Press "Enter" to skip to content

夏休みの一時帰国中にも注意!水難事故を防ぐためにこれだけは守ろう

まもなく海水浴や川遊びのシーズンが到来する。海外滞在者の中には、夏休みに一時帰国して、親子で日本の海や川を楽しもう、と計画している人もいるだろう。水辺のレジャーは楽しい一方、水難事故の危険も伴う。

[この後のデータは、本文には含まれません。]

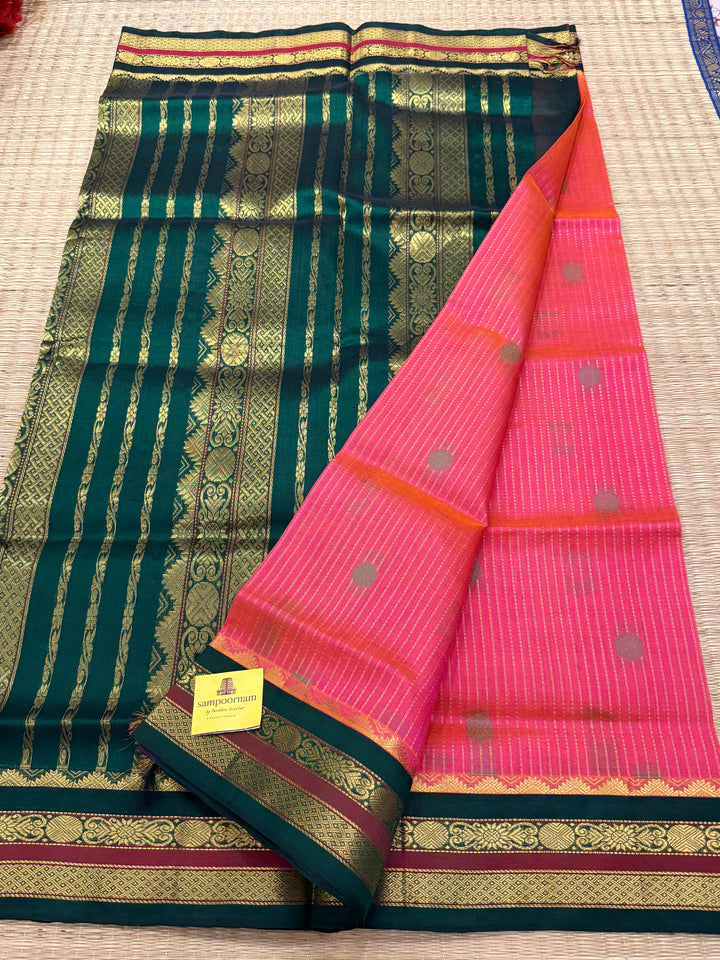 Magenta with Green , rich zari butta and vertical zari lines in the body, traditional borders  and rich Pallu Korvai Silk Cotton Saree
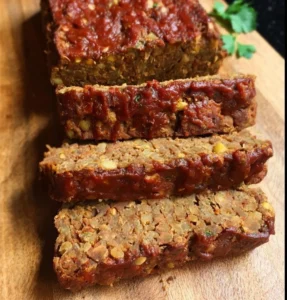 Delicious Vegan Barbecue Lentil Loaf served with barbecue sauce on a plate.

出かける前に、命を守るための対策を知っておきたい。

水辺では子どもから絶対に目を離さないこと!

「平成30年(2018年)における水難の概況」(警察庁生活安全局生活安全企画課)によると、昨年の国内の水難者は1,529人、うち死者・行方不明者は692人だった。このうち中学生以下の者は、水難者193人で全体の12.6%、そのうち死者・行方不明者は22人と、決して少なくない。死者・行方不明者の出ている水難事故の多くは海や川で起きていて、子どもの場合は水遊び中の事故が多いことがわかっている。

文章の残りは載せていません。